Mao Tse-tung's widow, Jiang Qing, who virtually ruled China during the calamitous Cultural Revolution in the name of her late husband, was sentenced to death today, but her execution was suspended for two years pending good behavior.

Under Chinese law, if Jiang, 67, cooperates with autorities during that period her sentence could be lightened to life imprisonment. But the state retains the right to execute her at any time.

The sentence apparently represents a compromise among China's top leaders who are believed to have been split for nearly a month over the question of executing Jiang, who was convicted along with nine fellow radicals for persecuting hundreds of thousands of people and plotting to seize power during the Cultural Revolution.

The suspended death penalty, announced this morning by the special court that presided over the 39-day trail ending last month, was apparently designed to preserve unity at the top of the party among those demanding the death sentence and others arguing that the widow of Communist China's founding father should not go before the firing squad.

Sources said that among those arguing for clemency was Communist Party Vice Chairman Deng Xiaoping, China's top leader and a former rival of Mao.

Jiang, who was evicted from the courtroom several times for blurting out radical slogans and dared the judges to execute her publicly in Peking's Tian An Men Square next to her late husband's mausoleum, insisted on her innocence throughout the trial, claiming she merely was following the orders of Mao and the late Chinese premier Chou En-lai.

Virtually an entire political generation was brought to the dock in what presumed to a Nuremberg-style tribunal. Despite the court's foregone conclusion of guilt and the absence of legal protections by Western standards, the trial was an attempt by China's new leaders to show that justice should be administered in a more orderly fashion than the vigilante roundups and imprisonments of the Cultural Revolution.

As a public show, the trial was served up in short, carefully edited television segments that are believed to have been first screened by ruling Politburo members. Court sessions were attended by 600 specially selected observers.

The trial was divided into two courts: One aired charges against the five former military leaders accused of plotting to assassinate Mao in 1971 and stage a coup; the other was reserved for Jiang and other political leaders of the Cultural Revolution charged with persecuting officials and citizens and plotting to usurp power.

In the military court, the five former top officers readily admitted to the charges against them. The sentences given to them today were 18 years in prison for Huang Yongsheng, Army chief of general staff, 17 years for Wu Faxian, Air Force commander-in-chief, 17 years for Li Zuopeng, Navy political commissar, 18 years for Jiang Tengjiao, Air Force political commissar, and 16 years for Qui Huizuo, head of the Army's general logisitics department.

In the second tribunal witnesses paraded through the courtroom testifying how their homes had been ransacked and how they suffered persecution at the hands of Jiang or her four codefendents -- onetime Politburo members Zhang Chunqiao, Yao Wenyuan, Wang Hongwen and Chen Boda.

Of the other civilian defendents Wang Hongwen received the harshest sentence, life imprisonment. Yao Wenyuan was given an 18-year prison term while Chen Boda was sentenced to 16 years.

Until their apperance at the trial that opened last Nov. 20, Chen and the five military men had not been seen in public for nearly a decade, and some had been thought dead.
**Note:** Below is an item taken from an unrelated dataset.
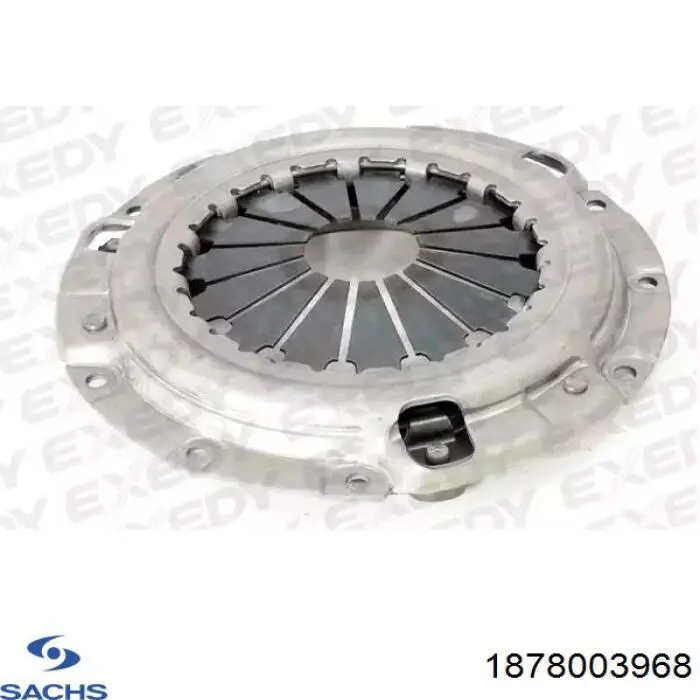 Диск зчеплення 1878003968 Sachs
Except for Jiang's unbowed resistance and Zhang's uncompromising silence, the trial offered few suprises. Chen, Mao's personal secretary, Wang, the second-ranking party offical, and Yao, a radical publicist, all conceded guilt.
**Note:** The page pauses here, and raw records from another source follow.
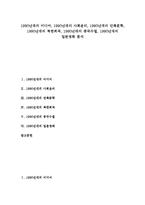 [1990년대][미디어][사회윤리][민족문학][북한희곡][중국수필][일본영화]1990년대의 미디어, 1990년대의 사회윤리, 1990년대의 민족문학, 1990년대의 북한희곡, 1990년대의 중국수필, 1990년대의 일본영화 분석-1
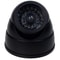 Indoor Outdoor Fake Dome Security Camera Dummy Fake Camera With LED Red Light Battery Operated 5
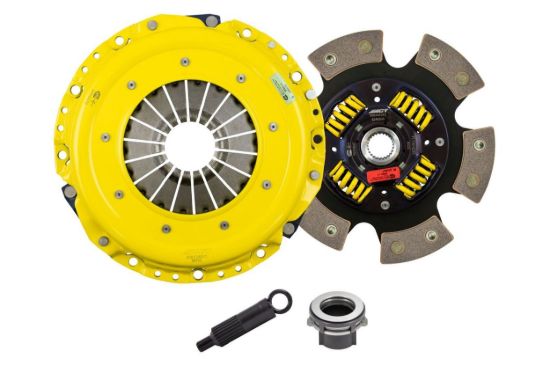 Picture of Advanced Clutch Transmission Clutch Kit - BM16-HDG6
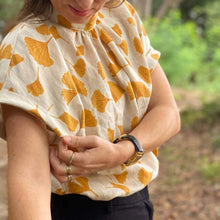 Load image into Gallery viewer, Tulip Top Sewing Pattern Wardrobe By Me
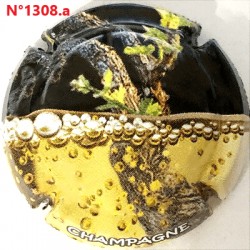 Capsule de Champagne Générique N°1308.a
Most of the drama centered on Jiang, the poised, raven-haired first lady of the Cultural Revolution who continually angered the judges with her unvarnished radical slogans, scathing attacks on the bench and witnesses and disregard for court etiquette.

The spectacle was nonetheless received well by a Chinese public hungry for revenge. Large crowds gathered around the few commnunity television sets, and the official press frequently carried letters by outraged viewers urging death for the defendents.

As examples of persecution allegedly ordered by Mao's widow, prosecutors presented photographs of the badly swollen and punctured corpse of a minister of coal mining said to have been tortured to death. The also called forth writers who languished in prison because they had crossed Jiang.

In one especially grisly segment, a tape recording was played of a 67-year -old professor wailing and groaning while radical interrogators demanded that he incriminate the wife of Liu Shaoqi, then China's head of state, as an American spy.

Throughout the hearings, Jiang interuppted witnesses with insulting cross-examinations -- calling several of her former victims "bastards and traitors" -- and yelled back at judges trying to silence her, referring to them once as "fascists" and agents for the Chinese nationalists.

To one of her several warnings that her courtroom histrionics were unacceptable and could cost her a stiffer sentence, she replied, "Just ask the monkey king to give me more heads to cut off," referring to the hero of a classical tale who created monkeys with the wave of a magic wand.